Stars are confined to specific regions in the HR diagram. This tells you that there is some physical relationship between the luminosity and temperature of a star. To make this point clear, let's look at people. People have many defining characteristics, not all of which are related. What if we plotted some properties of people? Consider, a

• plot of weight versus IQ. It will be a scatter diagram ===> there isn't a physical relationship between weight and IQ.

• A plot of weight versus height for a sample of people shows a correlation ===> that there is something in the structure of people which makes weight and height correlated.

The simple exercise of plotting teaches us something about people.
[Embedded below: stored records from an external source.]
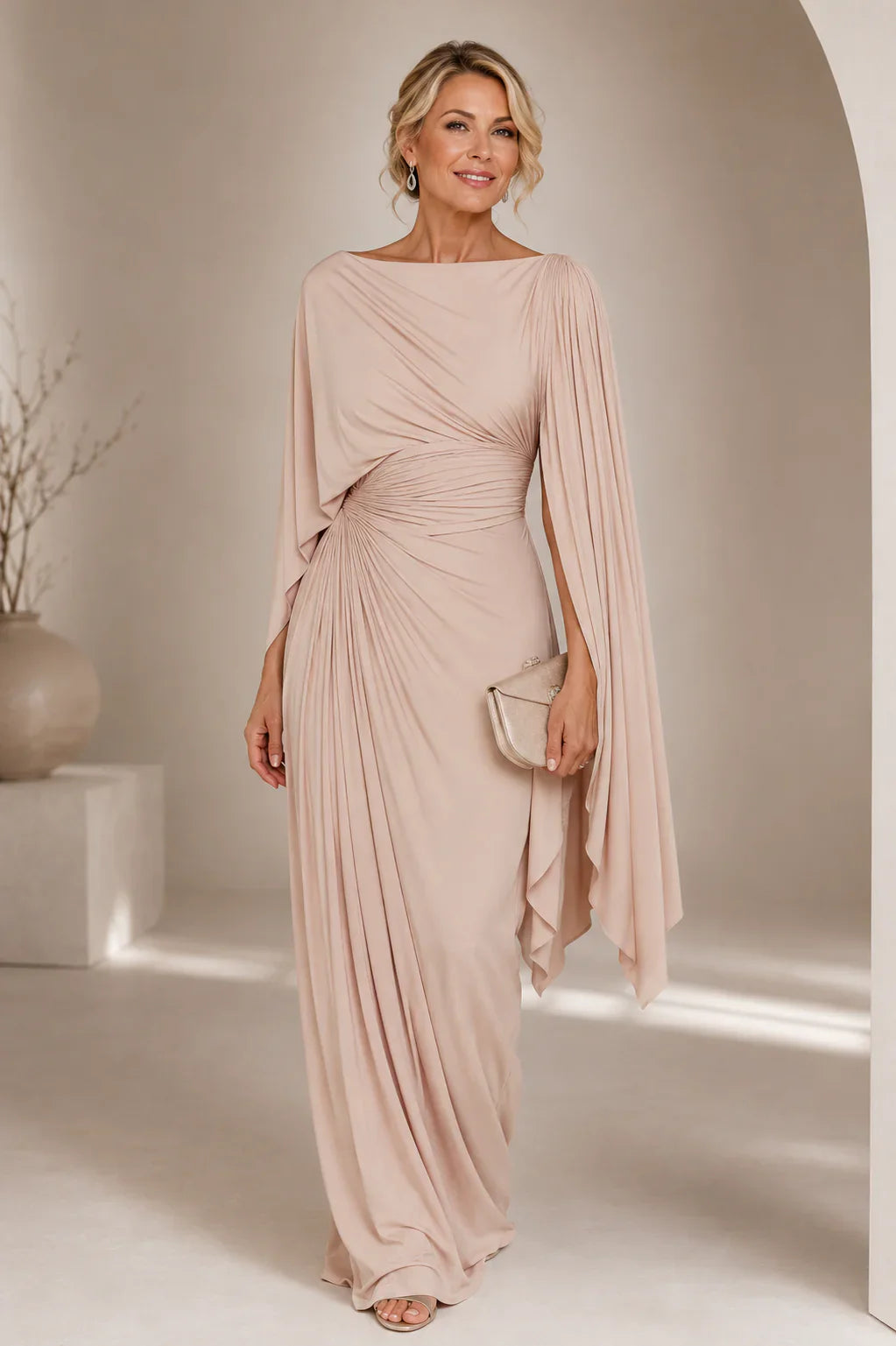 Robe longue rose Lyssa de Danoir Paris avec plis élégants, portée décontractée, vue de face.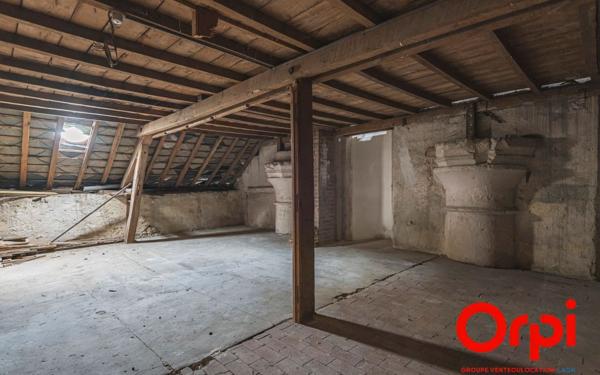 Appartement à vendre    1 pièce • 150 m2 Laon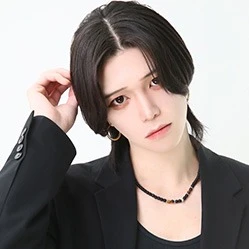 冴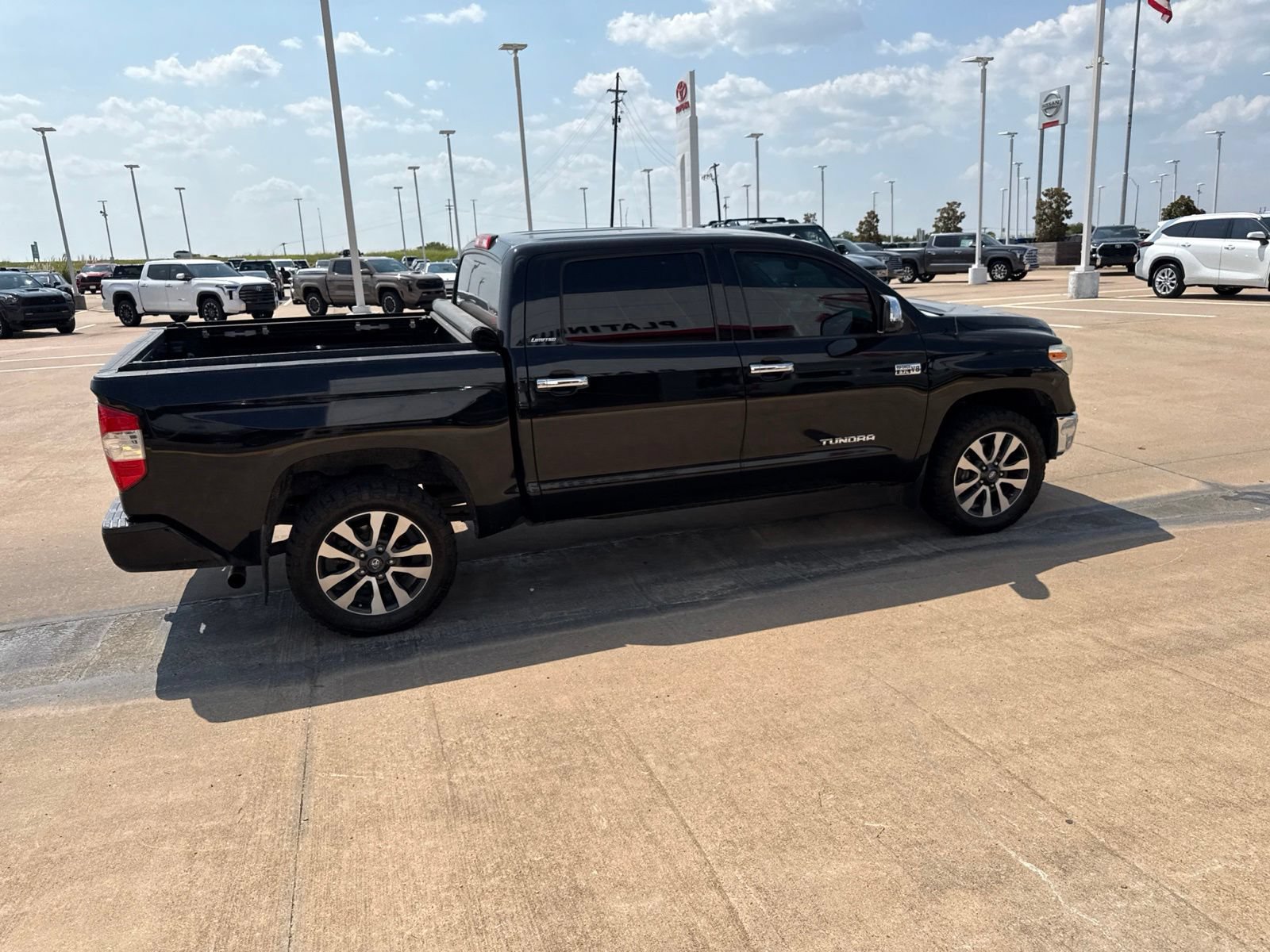 Used 2018 Toyota Tundra Limited w/ Limited Premium Package AWD/4WD image 27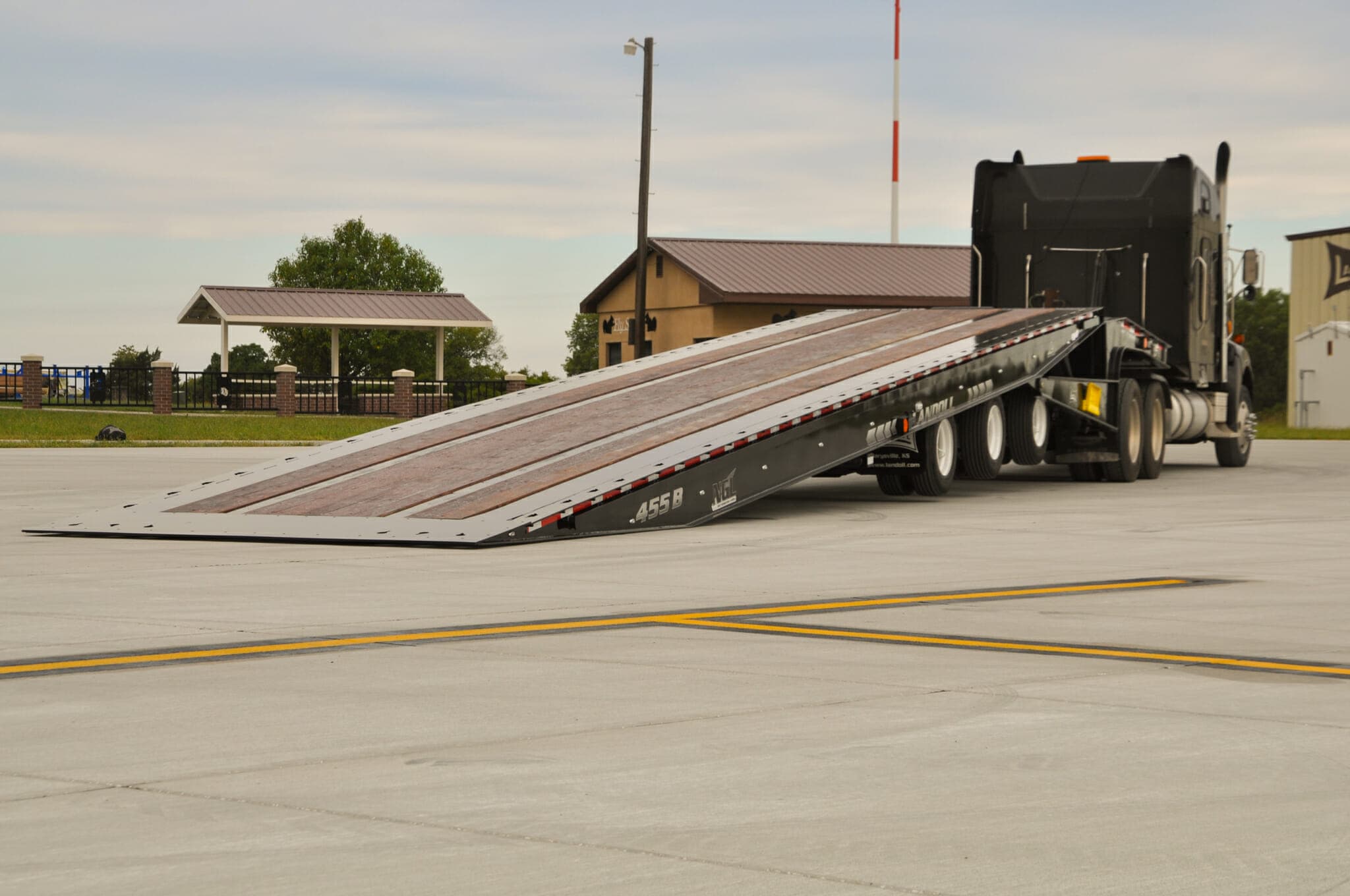 455 Traveling Axle Trailer trailer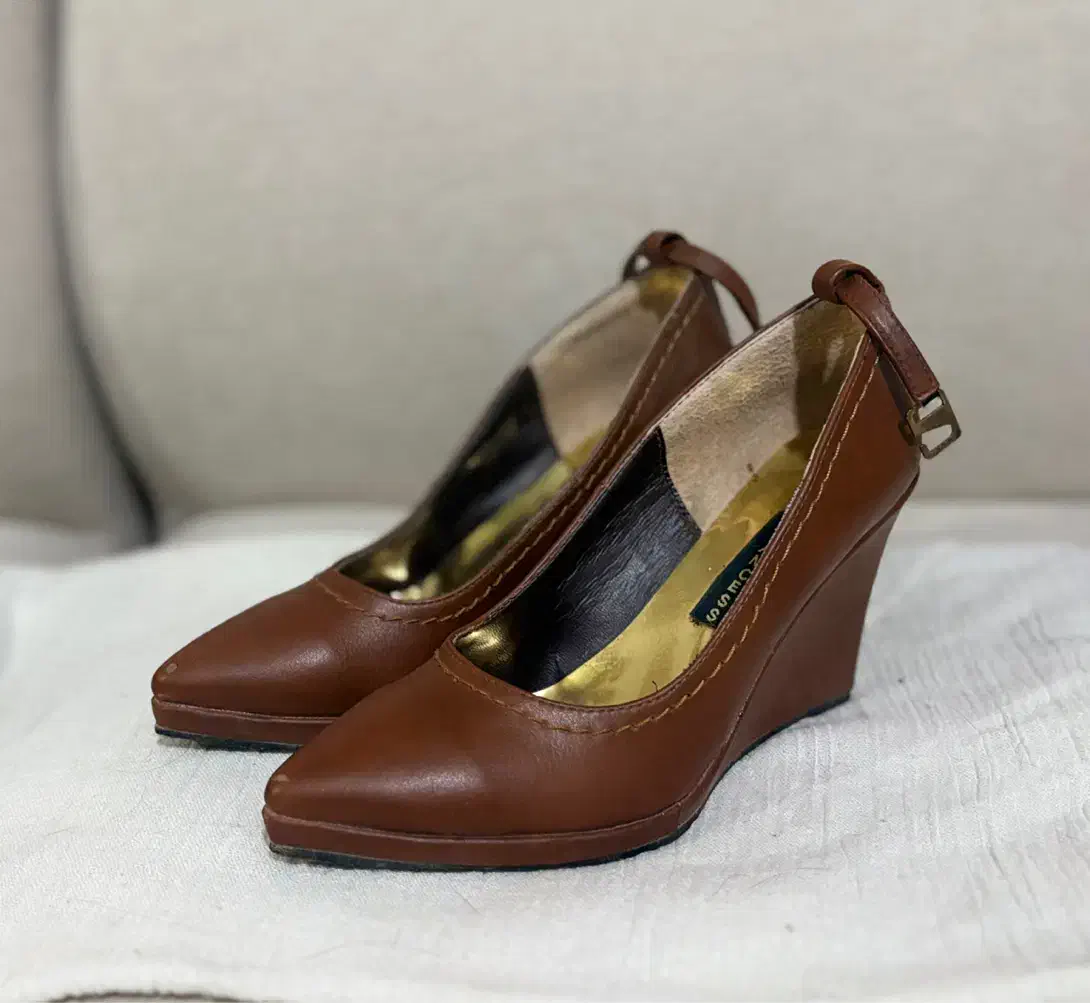 کفش|کیف، کفش، کمربند|شیراز, شهرک مخابرات|دیوار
We did not learn in detail how people are put together but we did learn that the height and weight of people are somehow related. It is up to theorists to explain the how and why of the physical connection between the height and weight of the people population.

Similarly, the HR diagram is not telling us about how stars are put together. It is, again, up to the theorists to tell us what is going on. However, for now, let's ignore the role of the theorist and just examine the HR diagram to see what we can deduce about stars.

Some Inferences Based on the Hertzsprung-Russell Diagram

Luminosity Classes I -- Super-Giants II -- Bright Giants III -- Normal Giants IV -- Sub-Giants V -- Main Sequence Stars

Question: What can we deduce from the HR diagram?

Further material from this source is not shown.